Work required: Only these lines of the data below are wanted: the one with "Leonotis loenurus alba, White Lion's Tail", the one with "Man Whaling with Harpoon Gun by Anonymous", and any lines between them, each repeated exactly.
*** Block opens ***
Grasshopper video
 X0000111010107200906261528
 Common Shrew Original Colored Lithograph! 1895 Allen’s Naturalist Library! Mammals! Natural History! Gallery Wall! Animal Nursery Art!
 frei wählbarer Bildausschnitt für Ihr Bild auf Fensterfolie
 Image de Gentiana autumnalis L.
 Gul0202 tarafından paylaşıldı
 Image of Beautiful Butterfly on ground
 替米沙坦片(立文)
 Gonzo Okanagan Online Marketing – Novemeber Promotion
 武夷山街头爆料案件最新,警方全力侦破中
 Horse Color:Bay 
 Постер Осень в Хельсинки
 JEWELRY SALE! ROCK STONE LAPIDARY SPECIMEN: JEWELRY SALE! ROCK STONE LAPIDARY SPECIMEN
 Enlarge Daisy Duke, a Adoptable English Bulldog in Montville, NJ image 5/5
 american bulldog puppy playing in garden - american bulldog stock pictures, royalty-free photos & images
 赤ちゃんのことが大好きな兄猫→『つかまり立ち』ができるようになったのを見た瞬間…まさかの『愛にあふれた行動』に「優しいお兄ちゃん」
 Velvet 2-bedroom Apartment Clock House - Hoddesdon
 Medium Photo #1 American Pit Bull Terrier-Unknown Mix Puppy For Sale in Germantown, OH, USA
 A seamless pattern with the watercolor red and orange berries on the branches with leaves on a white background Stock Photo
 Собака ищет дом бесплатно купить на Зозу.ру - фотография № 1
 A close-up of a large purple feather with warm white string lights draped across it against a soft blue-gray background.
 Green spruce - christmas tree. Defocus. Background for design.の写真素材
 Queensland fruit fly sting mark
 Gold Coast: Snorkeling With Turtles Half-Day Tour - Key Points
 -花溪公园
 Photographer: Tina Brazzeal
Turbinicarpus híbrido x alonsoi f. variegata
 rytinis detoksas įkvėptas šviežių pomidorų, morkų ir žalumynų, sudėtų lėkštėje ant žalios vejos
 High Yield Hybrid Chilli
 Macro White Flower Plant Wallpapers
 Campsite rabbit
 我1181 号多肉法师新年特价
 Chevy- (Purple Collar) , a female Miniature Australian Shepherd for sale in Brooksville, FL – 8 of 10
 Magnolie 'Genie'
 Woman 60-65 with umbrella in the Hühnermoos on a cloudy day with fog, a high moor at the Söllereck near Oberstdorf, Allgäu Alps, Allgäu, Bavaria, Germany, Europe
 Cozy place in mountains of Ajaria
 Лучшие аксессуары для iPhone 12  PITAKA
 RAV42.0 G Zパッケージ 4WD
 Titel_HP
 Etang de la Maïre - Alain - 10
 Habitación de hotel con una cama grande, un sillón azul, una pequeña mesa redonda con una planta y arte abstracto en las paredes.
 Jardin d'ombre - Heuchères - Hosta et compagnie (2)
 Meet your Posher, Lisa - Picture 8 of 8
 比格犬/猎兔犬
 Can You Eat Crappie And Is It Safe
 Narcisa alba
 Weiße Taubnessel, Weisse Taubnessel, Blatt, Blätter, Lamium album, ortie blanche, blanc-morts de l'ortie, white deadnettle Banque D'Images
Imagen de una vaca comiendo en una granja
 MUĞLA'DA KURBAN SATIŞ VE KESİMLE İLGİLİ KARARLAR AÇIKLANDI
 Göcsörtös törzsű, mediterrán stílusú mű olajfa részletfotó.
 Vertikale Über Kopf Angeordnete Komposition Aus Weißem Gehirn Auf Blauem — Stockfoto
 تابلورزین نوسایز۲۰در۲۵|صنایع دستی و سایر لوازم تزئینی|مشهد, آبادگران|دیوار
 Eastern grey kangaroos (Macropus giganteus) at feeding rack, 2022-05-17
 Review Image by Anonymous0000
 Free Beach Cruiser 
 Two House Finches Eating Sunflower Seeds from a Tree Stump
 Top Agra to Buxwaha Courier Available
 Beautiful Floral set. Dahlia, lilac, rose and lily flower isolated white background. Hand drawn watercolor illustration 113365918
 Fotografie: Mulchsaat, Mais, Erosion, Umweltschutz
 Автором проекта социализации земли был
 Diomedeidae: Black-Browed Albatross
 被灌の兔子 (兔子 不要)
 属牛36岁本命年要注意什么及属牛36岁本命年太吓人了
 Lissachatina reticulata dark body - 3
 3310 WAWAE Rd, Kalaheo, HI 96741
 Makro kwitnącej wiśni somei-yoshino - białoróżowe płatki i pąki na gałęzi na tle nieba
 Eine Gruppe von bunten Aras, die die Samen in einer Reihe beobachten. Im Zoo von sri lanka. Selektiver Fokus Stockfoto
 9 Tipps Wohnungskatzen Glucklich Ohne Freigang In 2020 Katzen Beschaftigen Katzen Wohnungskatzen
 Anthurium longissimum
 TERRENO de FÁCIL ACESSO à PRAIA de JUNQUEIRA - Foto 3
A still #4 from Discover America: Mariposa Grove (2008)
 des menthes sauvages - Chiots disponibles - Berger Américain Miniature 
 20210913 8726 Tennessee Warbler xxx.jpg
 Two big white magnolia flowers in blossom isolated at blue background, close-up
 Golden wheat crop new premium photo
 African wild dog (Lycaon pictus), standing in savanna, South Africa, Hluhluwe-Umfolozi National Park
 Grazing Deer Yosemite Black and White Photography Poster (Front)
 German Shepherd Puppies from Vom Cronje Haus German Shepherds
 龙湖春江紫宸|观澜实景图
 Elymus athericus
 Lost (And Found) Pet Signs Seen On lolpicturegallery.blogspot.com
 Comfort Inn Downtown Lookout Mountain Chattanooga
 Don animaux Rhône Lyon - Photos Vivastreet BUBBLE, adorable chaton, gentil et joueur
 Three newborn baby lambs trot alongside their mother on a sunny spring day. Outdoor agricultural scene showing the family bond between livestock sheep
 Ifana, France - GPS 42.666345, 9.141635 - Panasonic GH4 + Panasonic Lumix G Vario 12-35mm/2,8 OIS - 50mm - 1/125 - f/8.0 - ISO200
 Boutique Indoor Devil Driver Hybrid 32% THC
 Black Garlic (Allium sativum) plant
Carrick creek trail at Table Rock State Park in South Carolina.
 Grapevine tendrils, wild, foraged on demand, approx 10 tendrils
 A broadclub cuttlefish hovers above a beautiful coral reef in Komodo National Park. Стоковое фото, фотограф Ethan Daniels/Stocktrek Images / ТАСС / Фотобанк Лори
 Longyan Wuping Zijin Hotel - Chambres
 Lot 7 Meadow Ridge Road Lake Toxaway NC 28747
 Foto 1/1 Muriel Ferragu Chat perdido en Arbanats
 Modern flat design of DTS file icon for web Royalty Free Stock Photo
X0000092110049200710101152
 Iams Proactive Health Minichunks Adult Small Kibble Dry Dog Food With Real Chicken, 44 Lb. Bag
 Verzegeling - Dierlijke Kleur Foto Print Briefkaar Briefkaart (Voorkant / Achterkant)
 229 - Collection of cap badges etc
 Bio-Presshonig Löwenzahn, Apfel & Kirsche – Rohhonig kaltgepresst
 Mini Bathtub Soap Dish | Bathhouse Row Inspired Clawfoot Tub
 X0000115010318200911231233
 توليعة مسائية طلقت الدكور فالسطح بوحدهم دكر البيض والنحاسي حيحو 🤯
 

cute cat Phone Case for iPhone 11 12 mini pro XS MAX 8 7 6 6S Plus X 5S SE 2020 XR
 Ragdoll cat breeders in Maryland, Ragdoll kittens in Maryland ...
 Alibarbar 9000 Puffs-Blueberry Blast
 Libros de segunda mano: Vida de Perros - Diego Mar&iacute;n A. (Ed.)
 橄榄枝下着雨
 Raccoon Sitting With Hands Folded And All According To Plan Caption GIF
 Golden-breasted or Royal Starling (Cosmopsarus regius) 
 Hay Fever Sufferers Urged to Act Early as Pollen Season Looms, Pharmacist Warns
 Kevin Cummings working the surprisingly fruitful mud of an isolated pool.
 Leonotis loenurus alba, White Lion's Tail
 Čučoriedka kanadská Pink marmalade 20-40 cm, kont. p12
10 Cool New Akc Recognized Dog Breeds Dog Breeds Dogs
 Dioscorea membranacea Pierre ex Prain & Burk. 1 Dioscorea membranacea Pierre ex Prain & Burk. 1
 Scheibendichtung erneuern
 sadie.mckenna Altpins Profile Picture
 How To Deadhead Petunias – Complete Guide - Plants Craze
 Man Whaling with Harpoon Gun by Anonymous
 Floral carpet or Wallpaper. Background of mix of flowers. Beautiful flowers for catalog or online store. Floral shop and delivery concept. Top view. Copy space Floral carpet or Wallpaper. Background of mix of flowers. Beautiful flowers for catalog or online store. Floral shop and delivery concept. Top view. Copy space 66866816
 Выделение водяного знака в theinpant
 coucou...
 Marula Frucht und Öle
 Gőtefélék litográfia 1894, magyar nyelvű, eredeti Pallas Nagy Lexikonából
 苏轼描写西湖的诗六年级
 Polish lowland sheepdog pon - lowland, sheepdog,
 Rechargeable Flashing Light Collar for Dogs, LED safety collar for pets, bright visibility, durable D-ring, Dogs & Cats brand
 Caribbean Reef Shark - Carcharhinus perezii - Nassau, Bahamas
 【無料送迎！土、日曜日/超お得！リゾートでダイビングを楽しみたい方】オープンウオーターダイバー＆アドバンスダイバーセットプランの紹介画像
*** Block closes ***
Problem solution:
 Leonotis loenurus alba, White Lion's Tail
 Čučoriedka kanadská Pink marmalade 20-40 cm, kont. p12
10 Cool New Akc Recognized Dog Breeds Dog Breeds Dogs
 Dioscorea membranacea Pierre ex Prain & Burk. 1 Dioscorea membranacea Pierre ex Prain & Burk. 1
 Scheibendichtung erneuern
 sadie.mckenna Altpins Profile Picture
 How To Deadhead Petunias – Complete Guide - Plants Craze
 Man Whaling with Harpoon Gun by Anonymous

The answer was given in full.